Around the same time, I learnt about the commercial aspect of the internet. While I wasn’t eligible to sign up on the mainstream programs like Adsense for not having a .com domain extension, I quickly found an alternative program called MarketBanker, later rebranded as AdBrite. After serving ads for 10 months, MarketBanker sent me the first pay-check. My mother found it lying around in the lawn outside our house. It took 8 weeks to arrive, 6 weeks to cash and 20% of the money was lost to bank fees and commissions.
Although the check was only for $22.08 and it took 10 months in order to make this money, I was very excited as I realized this was going to be much bigger than just a pastime hobby.
When I look back today, it is nothing short of a miracle that I ended up becoming an internet marketer. The way these events unfolded almost feels like it was written in the stone. It was 2002, I had only just become a teen and was browsing on a dial up internet in Islamabad, Pakistan.
It was a privilege to have internet in Pakistan back then. In fact I think it was a privilege to have a computer at all. I don’t think we could afford it either.
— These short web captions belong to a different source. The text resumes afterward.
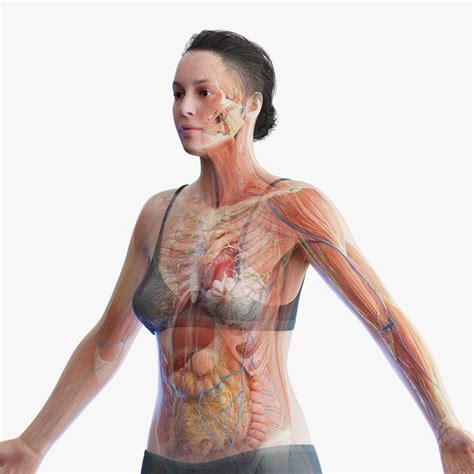 Human Female Anatomy D Model Turbosquid My Xxx Hot Girl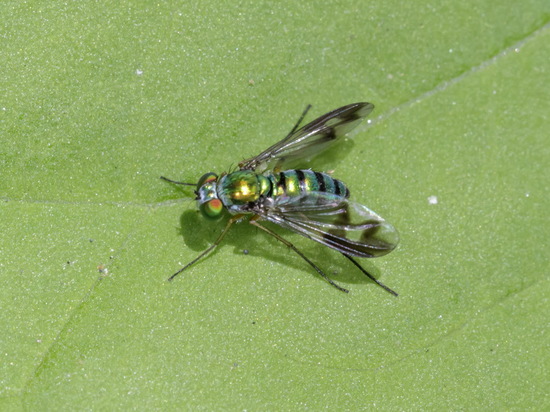 Mosca zancuda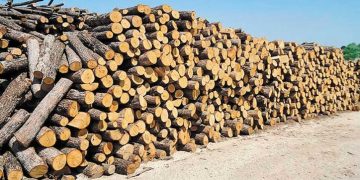 Επιστολή διαμαρτυρίας των Προέδρων των Τ.Κ. Λεχόβου, Αετού, Σκλήθρου, Φανού, Αγραπιδιάς και Λιμνοχωρίου του Δήμου Αμυνταίου προς τη δασική υπηρεσία Φλώρινας για τη διανομή ξυλείας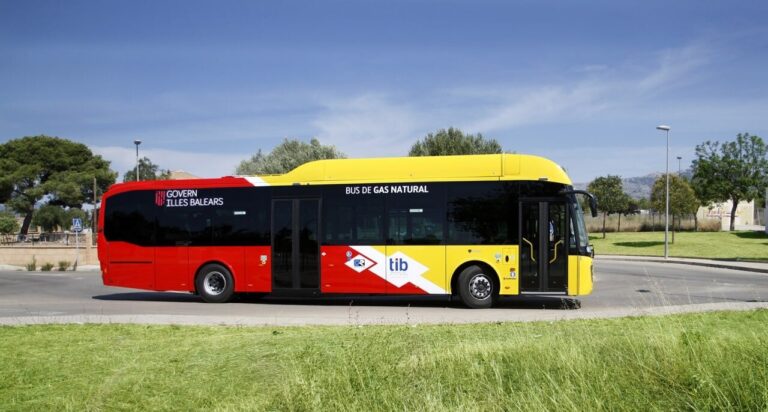 El bus del TIB disposa d’una nova parada al Pla de Na Tesa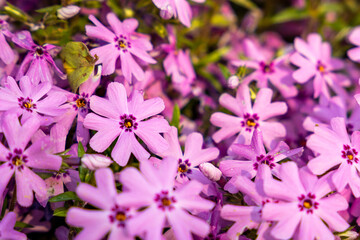 Pink Creeping Phlox with Low Sun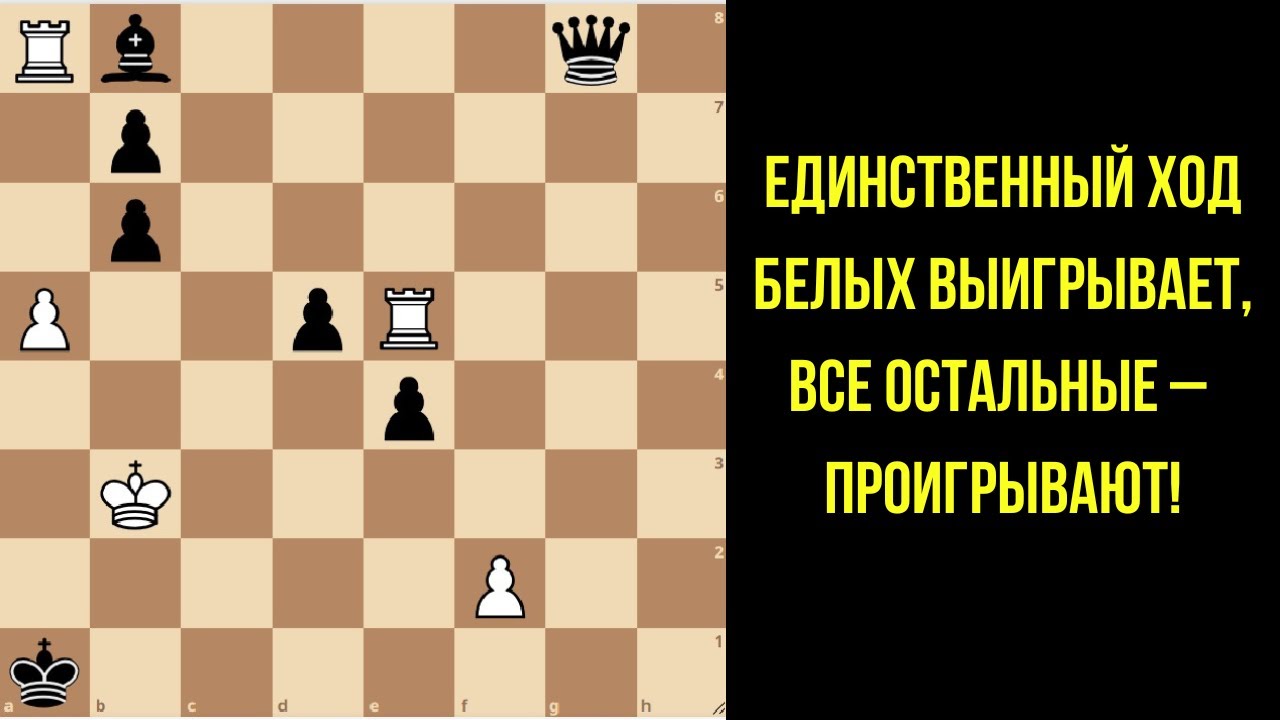 Безнадежная позиция? А Белые все-таки победили!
Not easily at least. It’s just that my father was really passionate about technology. So much that he decided to spend a big chunk of his savings to buy a computer.
I was trying to download a piece of software that would tell me in real-time the download and upload speed of my internet. As soon as I clicked on the hyperlink, I got a message notifying me that the site had run out of bandwidth. A message by Brinkster, a web hosting company. Except that I didn’t know what the bandwidth meant or what the web hosting means or what the heck was Brinkster. It certainly was not the name of the software I was trying to download.
On the page I saw a sign up button. I thought may be I need to sign up here in order to get the software. A few minutes later, I had signed up for brinkster’s web hosting service giving me a whopping 30 MBs of free hosting space but I still didn’t have my software, and I still had no clue what I signed up for.
Feeling confused, I called my father and made him look into whatever I was doing. After researching on it for a couple of hours, he explained to me what a web hosting means, what I signed up for and what can I do with it now. In the next couple of days, I built my first home page and hosted it on Brinkster. It is how I took my first step towards what I was going to be doing for the next decade and a half.
This is my second time starting a personal blog. I started the first one a few years ago and wrote only a few posts in the entirety of its existence. Last year when I looked back at my posts, I disagreed with many of my own opinions and so I decided to delete the blog. Today, I think that was a mistake. I think it is incredibly important for everyone to put their views out in the public.